2. Keep this from happening to you
If you are using master-slave replication, learn from my mistakes and do a bit of preventative-work, it’ll be faster than mopping up after this mess. Write a daily cron-job to find out what log-file you are currently using on the slave and delete all of the older logs. If you have extra hard-drives, feel free to move the old logs and store them forever, but they’re probably just too big and unnecessary to keep around for very long.
3. I need monitoring!
I’d say this got fixed relatively smoothly considering how messed up things were… I checked disk space really early on just on a hunch, but I really had no hints from error-logs so this could have dragged on much longer. It was still about 2 days of unacceptably poor behavior for a site. About 8 hours of that was wasted before I found out. I’ve got to get a heart-beat script to run on another server and watch to make sure LyricWiki is always working and shoot me an email and/or text-message when it goes down. Then I’ll always be on it. I’ve written about a dewtrillion of these (that’s a lot because it’s caffeinated), I don’t know why I haven’t made one for LyricWiki yet.
Well, there you have it. Way more technical info on the problem than you could have ever wanted! All technical issues aside, I’m sorry it went down again. LyricWiki is not my full-time gig, so admittedly it’s a little sloppy for something used for millions of requests per day. Some day I may be able to devote more time to keep the site humming better, but until then I’ll just have to make better use of my time and be smarter about what I choose to do in the time I have (like write that monitor script!).
Even though it was a mySQL bug that caused it, they’re my servers and there is no excuse. My bad.
Due to an unfortunate series of events, the replication (master/slave thing where one server gets a copy for fast reading of data) has to be started over. I’m working on it now. Once it’s done I’ll update with details on what happened.
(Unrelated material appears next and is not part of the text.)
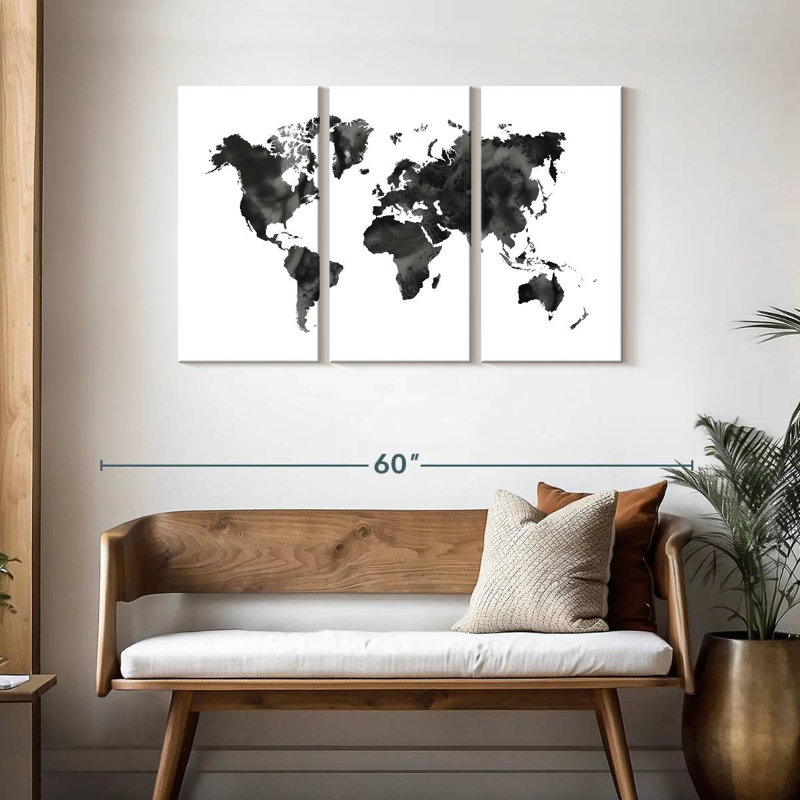 Carte du monde à l'aquarelle Aliaz - noir, H 28 po x l 45 po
I’m going to be taking down the API and possibly the site off-and-on until this is fixed to make it go as quickly as possible.
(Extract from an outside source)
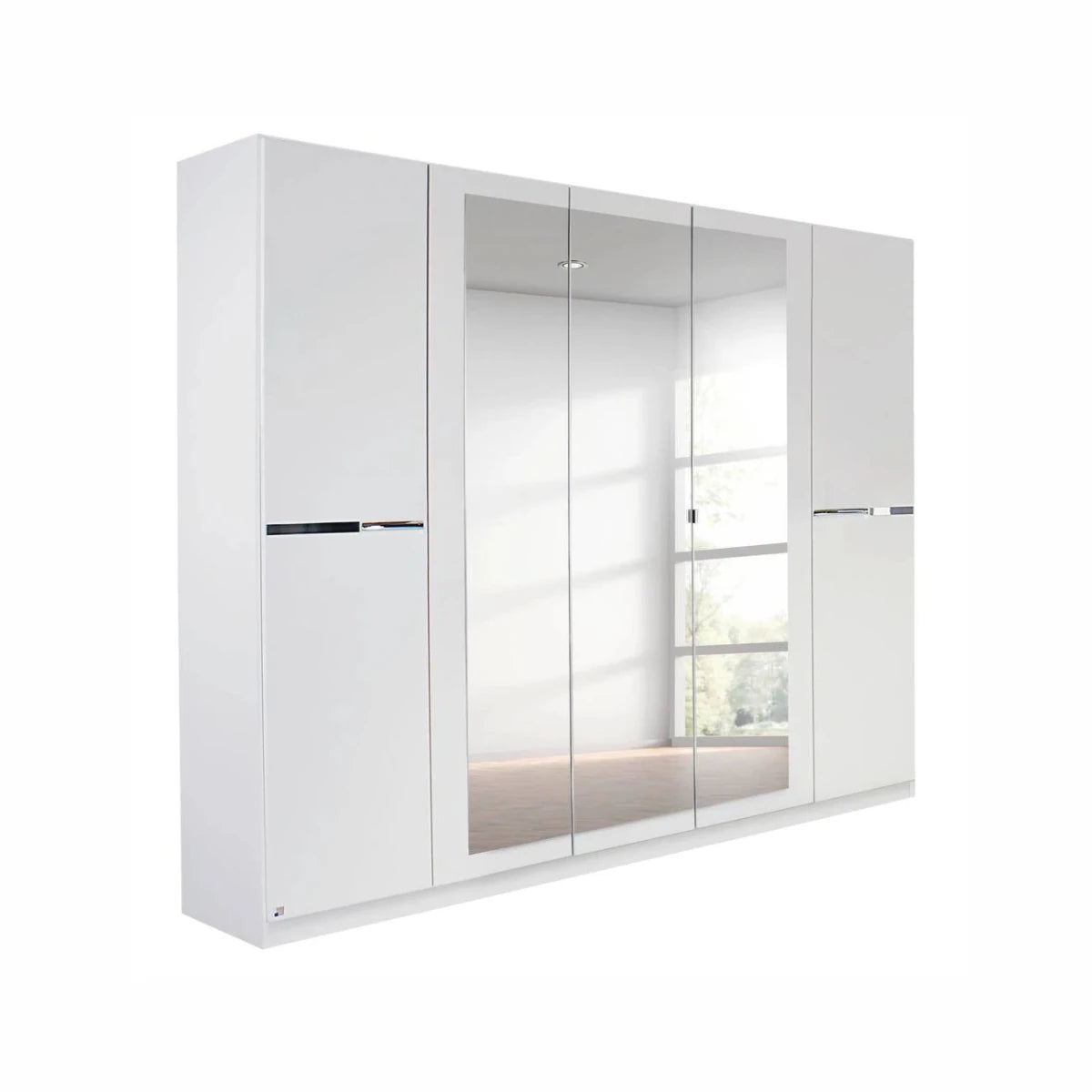 Dalton Alpine White 5 Door 3 Mirrored Hinged Wardrobe – 226cm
The site is running again.
Some more maintenance needs to be done so this doesn’t keep happening (need to write a script to delete old log files).
On top of that, it appears that the site was down for several hours before I noticed it. Not cool. I think I’m going to put some work into a monitor script running on another set of servers which will make sure the site is running well and will send me a txt message when the site goes down. I guess I have some homework!
PS: Happy Memorial Day!
It’s a holiday, so the odds that LyricWiki is crashing are much higher! (I have no idea why that happens except cruel fate :P).
We’ve been getting some “too many connections” errors lately, but today the site wouldn’t restart for some reason. I’m working on getting it back up, then I will try to find out why we’ve been getting the error.
This isn’t going well at the moment…
You may have noticed an error message along the lines of “Host ‘pedlfaster.pedlr.com’ is blocked because of many connection errors” recently.
While we kept fixing that in the short-term, it kept popping back up. Now there is a more permanent fix in there, and I’m looking into what caused it (I’m assuming it was a spike in API traffic).
Regardless: you shouldn’t be seeing that anymore. If you do, harass us immediately!